We find hopping to be a good value for us, especially during slower seasons when some of the parks close early.  We don't really "lose time", because we typically take mid-day breaks back at the resort anyway---it's no more difficult to return to some new park than it is to go back to the original one.  But, that makes location pretty important.


----------



## brekkon (Jul 19, 2010)

First off from extensive research I have found Billy Boys to be the cheapest tickets anywhere in the area.  They are an *authorized *ticket reseller for all the orlando area parks.  You can have them mail your tickets or they can hold them for pickup.

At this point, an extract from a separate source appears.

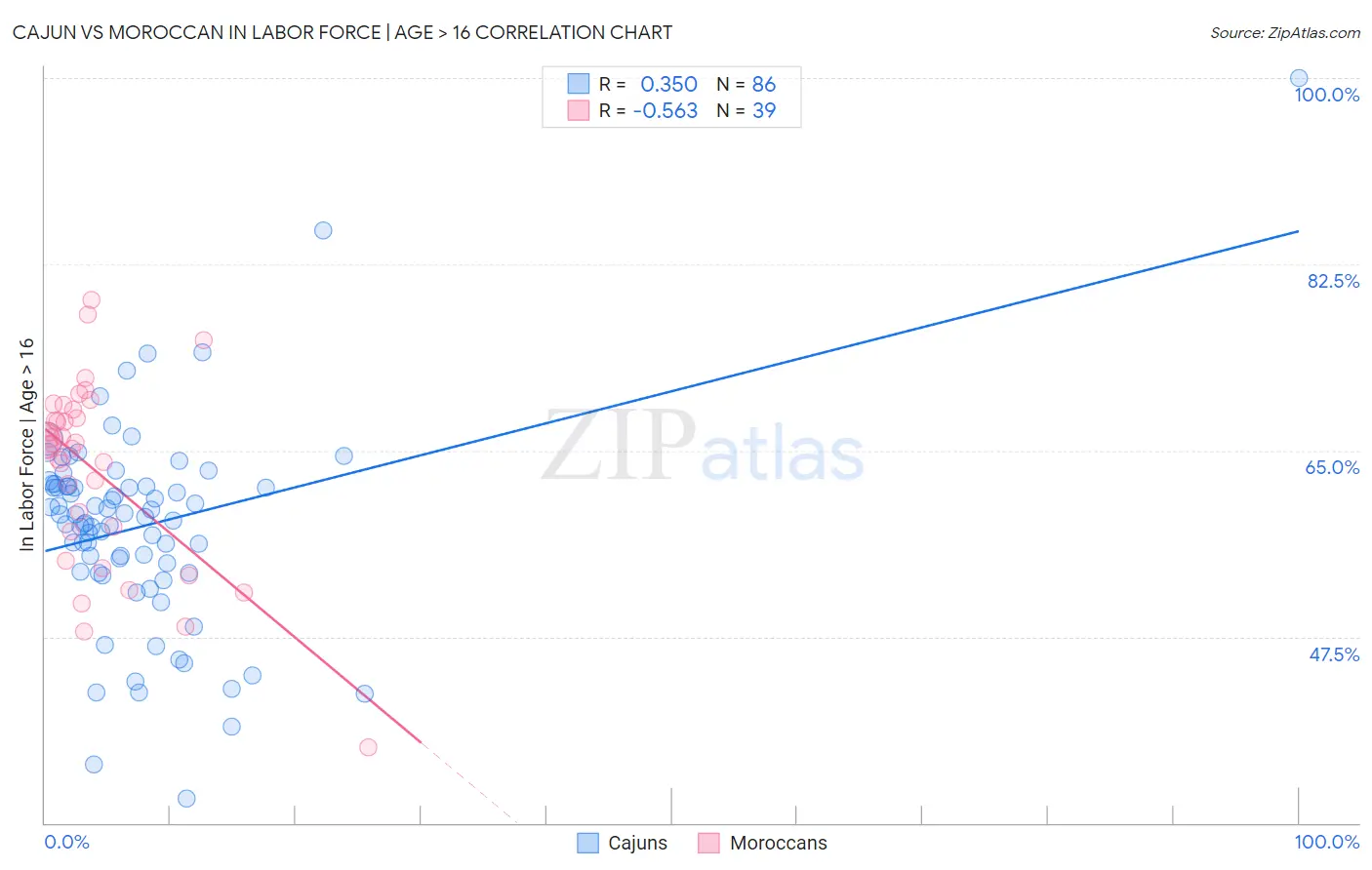 Cajun vs Moroccan In Labor Force | Age > 16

Here is their website link.  

http://www.greatorlandodiscounts.com/disneytickets.htm

I love them not only because of price but because we misplaced our tickets in our move to a new home and called them up.  We had purchased the tickets 6 years earlier but they still had a photo copy of our receipt and the tickets on file so they could re make the tickets.  They do this for all ticket buyers.


Ok with that said....

I would recommend going to Disney's website and virtually touring the parks maps.  You can see every ride and attraction at each park AND map out the rides/attractions you do, don't or possibly might want to do.  Then you can print maps of the parks that have each item YOU choseto see listed and leave off all the stuff you don't care about off your own personalized map.  Once you do this you may be able to better see if you do or do not need a hopper.

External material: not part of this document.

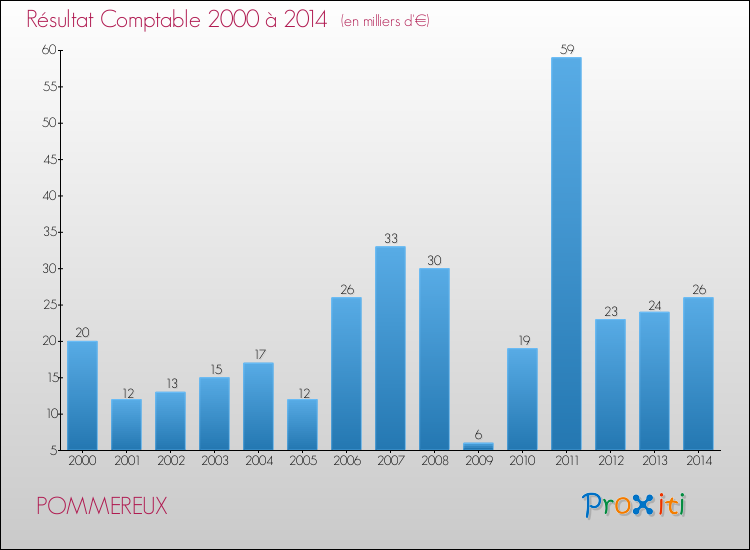Evolution du résultat comptable pour la commune de POMMEREUX de 2000 à 2014 Evolution du résultat comptable pour POMMEREUX de 2000 à 2014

I use hoppers on my tickets because we are avid Disney goers and know what we want to do when we go.  Even so there are certain parks we end up staying in all day.   We buy the 10 day Premium non expiring tickets that included hopping, and they also come with 

10 "smaller" park entries 
Those smaller parks are:
    *      Blizzard Beach (water park)
    *      Typhoon Lagoon (water park)
    *      Disney's Oak Trail Golf Course
    *      Disney Quest
    *      Disney's Wide World of Sports 

& they never expire....  We do this because we KNOW we will be back and we know we hop most of the days.  Plus we get 10 more park entries for a minimal difference in price. Plus we lock in the price for future visits.  There have been 2-3 price increases since we bought these tickets so we are paying old prices to get in to the parks   The price went up 5 days after we first bought them so we saved even on our first visit.

Now if you are going to do the 7 day non expiring tickets and are contemplating hopping  You really need to look at all your options and ask yourself is the less than $50 difference in price worth it.

Billy Boys pricing:
These all expire 14 days from date of FIRST use unless you add non expiring option  none of these prices included taxes.

7 day Base ticket:  
$229.06
( No bells or whistles 1 park each day period)

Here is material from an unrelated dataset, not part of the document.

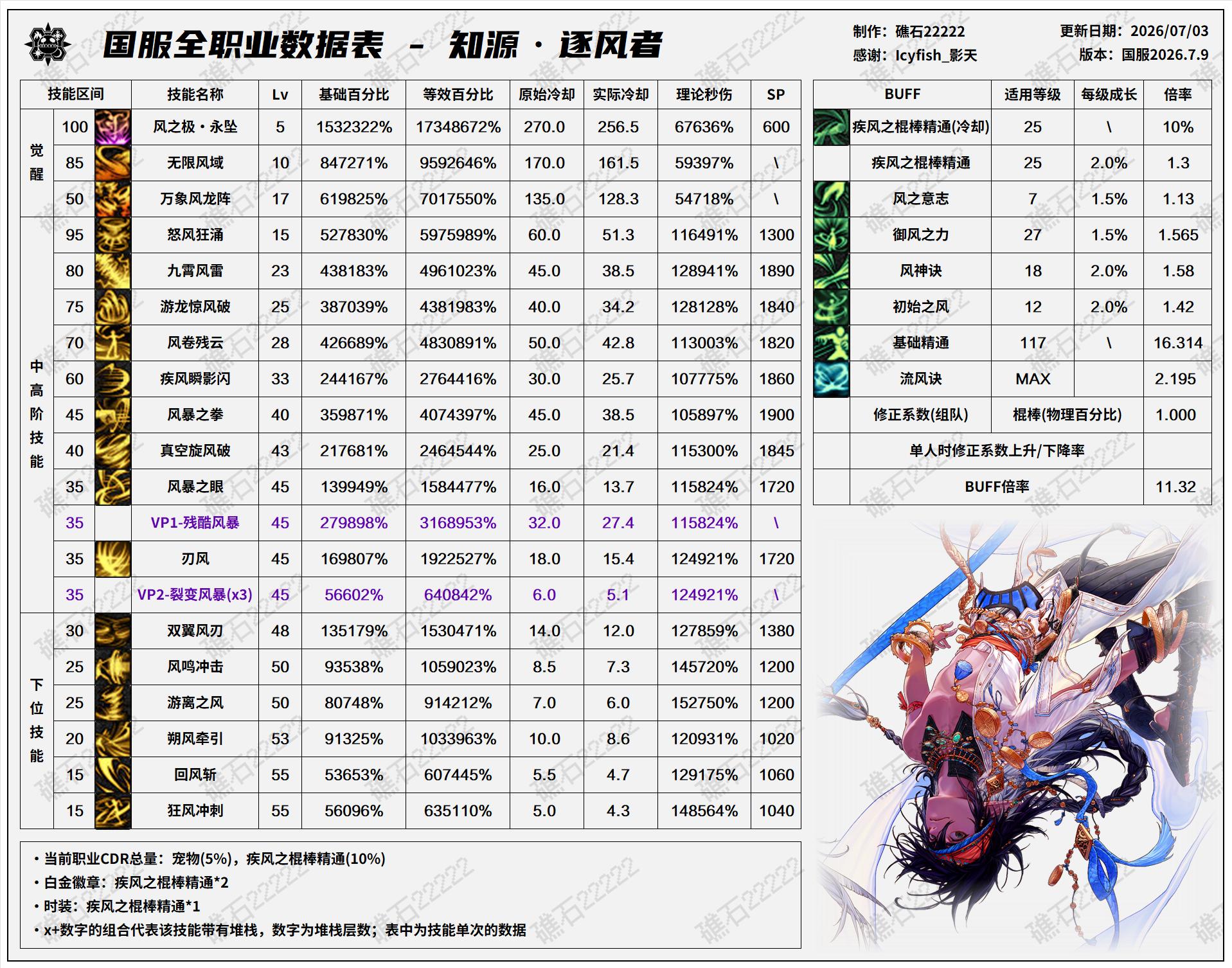DNF2026夏日版本风法技能数据表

7 day Base Ticket + 7 Days  at smaller parks listed above: 
$276.95  
( 7 additional entries to the smaller parks for less than $50)
(if the smaller parks sound like fun you could even go with a smaller # of days ticket to save more money)

7 Day Hopper: 
$276.95
(The luxury to hop is there for less than $50 per ticket more than base price)

These have Hopping *and * 7 days at water/smaller parks
7 Day Premium Tickets
$327.65
(about $98 more per ticket gets you both options)
(again if the smaller parks sound like fun you could even go with a smaller # of days ticket to save more money)


Hope this information helps.  Have a great trip!!!

Brekkon


----------



## luvsvacation22 (Jul 19, 2010)

A favorite of many Disney fans is http://www.mousesavers.com/
If you sign up for their free newsletter and get exculsive discounts for WDW tickets. However ticket purchase is through Undercover Tourist, but Mousesavers free newsletter will give you a discounted link. 

You can also buy direct online through Disney. http://disneyworld.disney.go.com/


----------



## MichaelColey (Jul 19, 2010)

I agree that park hopping is unnecessary.  Not only does it cost more, but it's a waste of time.  With proper planning, there's no need for it.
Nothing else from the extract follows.